-------- Dataset entries --------

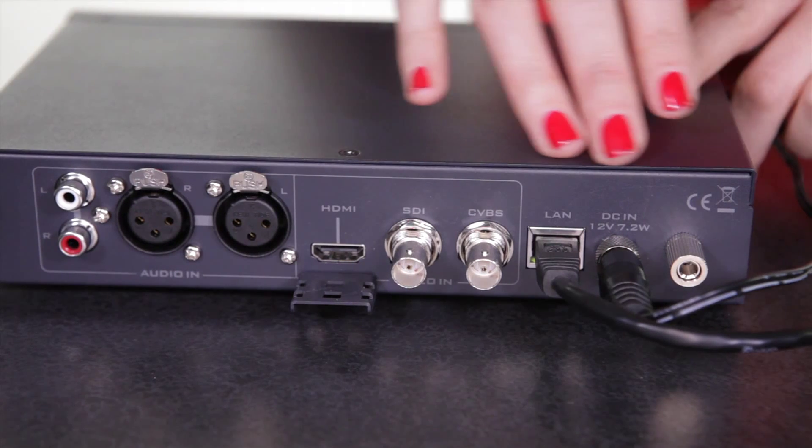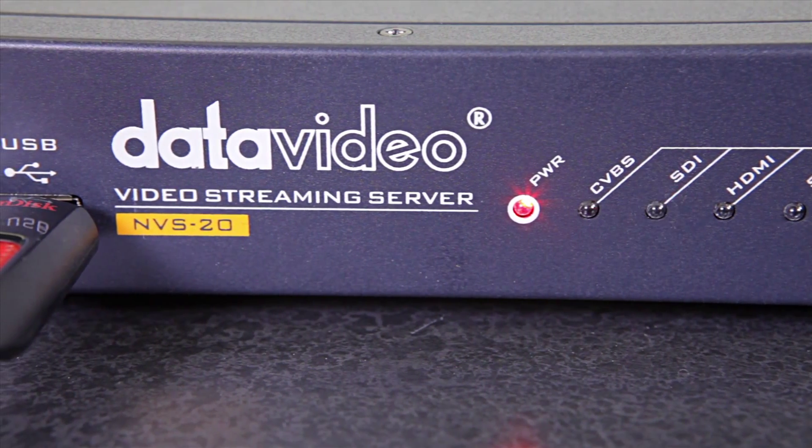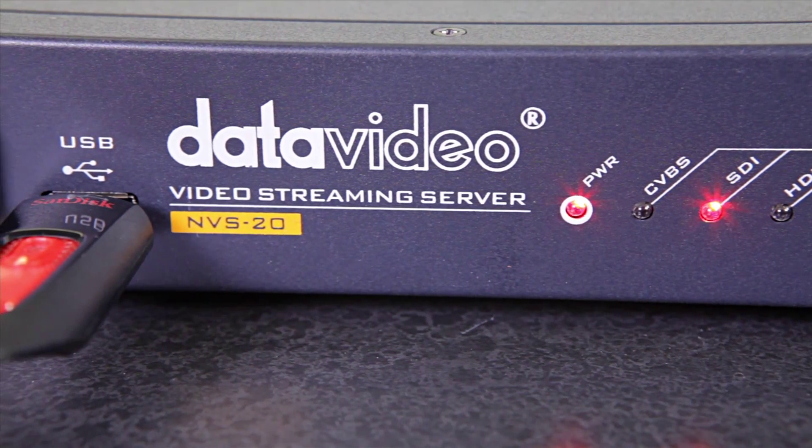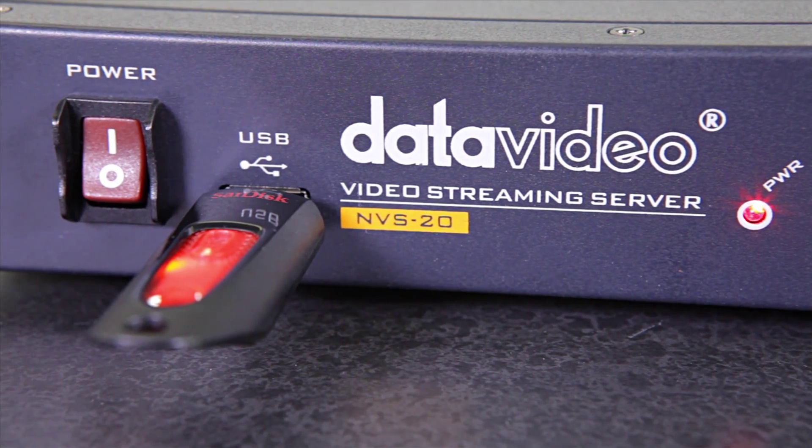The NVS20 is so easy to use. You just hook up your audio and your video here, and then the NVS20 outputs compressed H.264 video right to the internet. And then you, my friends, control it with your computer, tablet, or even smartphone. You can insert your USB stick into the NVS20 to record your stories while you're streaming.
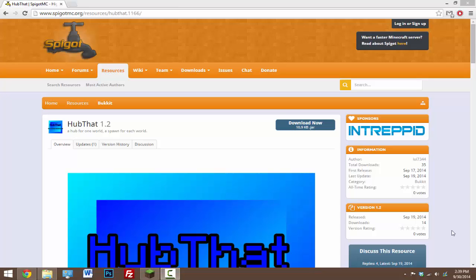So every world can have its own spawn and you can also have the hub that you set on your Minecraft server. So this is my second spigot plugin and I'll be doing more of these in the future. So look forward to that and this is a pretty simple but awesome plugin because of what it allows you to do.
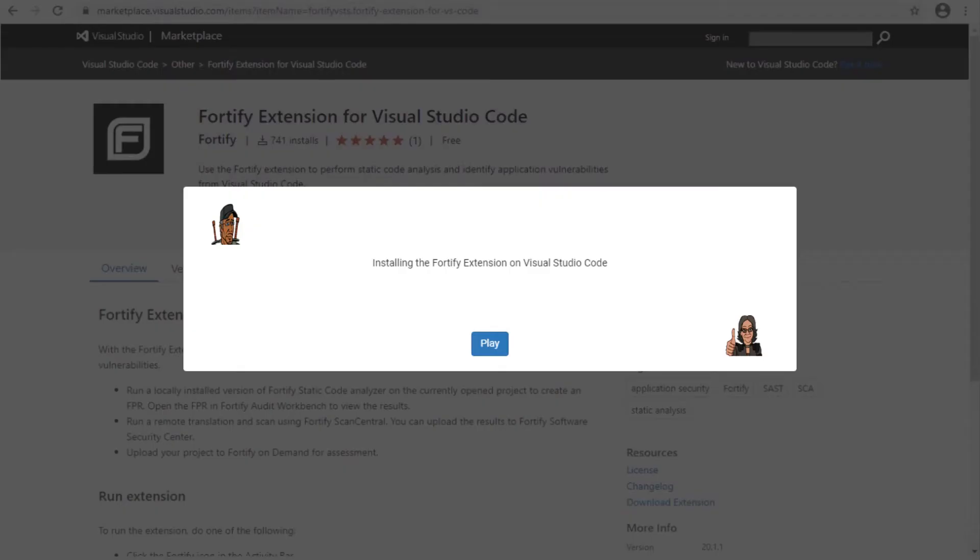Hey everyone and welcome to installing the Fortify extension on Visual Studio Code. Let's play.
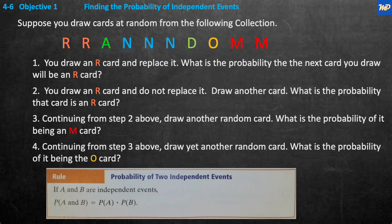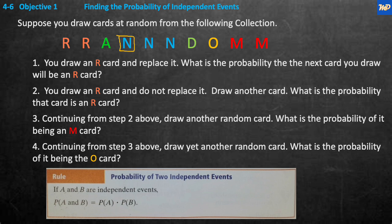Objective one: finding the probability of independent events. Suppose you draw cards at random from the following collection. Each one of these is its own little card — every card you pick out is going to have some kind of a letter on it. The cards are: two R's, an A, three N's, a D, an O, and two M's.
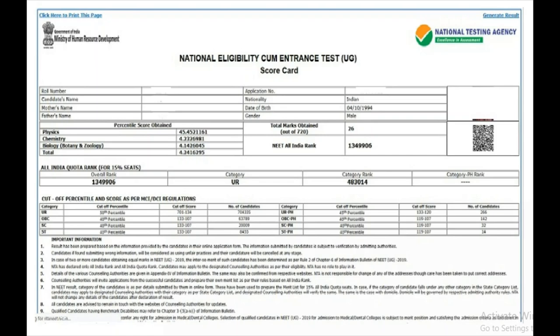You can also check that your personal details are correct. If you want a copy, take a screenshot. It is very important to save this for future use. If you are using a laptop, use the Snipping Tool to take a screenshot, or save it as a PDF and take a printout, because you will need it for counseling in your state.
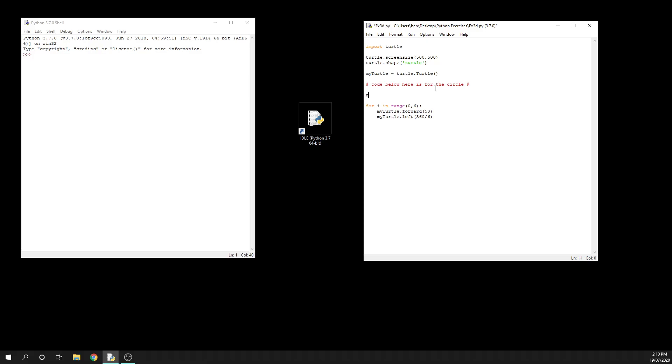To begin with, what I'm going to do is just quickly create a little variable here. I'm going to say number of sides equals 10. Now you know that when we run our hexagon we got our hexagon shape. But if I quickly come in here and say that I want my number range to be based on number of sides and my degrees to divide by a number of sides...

--------

With the pictures omitted, the records above are to be repeated exactly.

The NVS20 is so easy to use. You just hook up your audio and your video here, and then the NVS20 outputs compressed H.264 video right to the internet. And then you, my friends, control it with your computer, tablet, or even smartphone. You can insert your USB stick into the NVS20 to record your stories while you're streaming.
So every world can have its own spawn and you can also have the hub that you set on your Minecraft server. So this is my second spigot plugin and I'll be doing more of these in the future. So look forward to that and this is a pretty simple but awesome plugin because of what it allows you to do.
Hey everyone and welcome to installing the Fortify extension on Visual Studio Code. Let's play.
Objective one: finding the probability of independent events. Suppose you draw cards at random from the following collection. Each one of these is its own little card — every card you pick out is going to have some kind of a letter on it. The cards are: two R's, an A, three N's, a D, an O, and two M's.
You can also check that your personal details are correct. If you want a copy, take a screenshot. It is very important to save this for future use. If you are using a laptop, use the Snipping Tool to take a screenshot, or save it as a PDF and take a printout, because you will need it for counseling in your state.
To begin with, what I'm going to do is just quickly create a little variable here. I'm going to say number of sides equals 10. Now you know that when we run our hexagon we got our hexagon shape. But if I quickly come in here and say that I want my number range to be based on number of sides and my degrees to divide by a number of sides...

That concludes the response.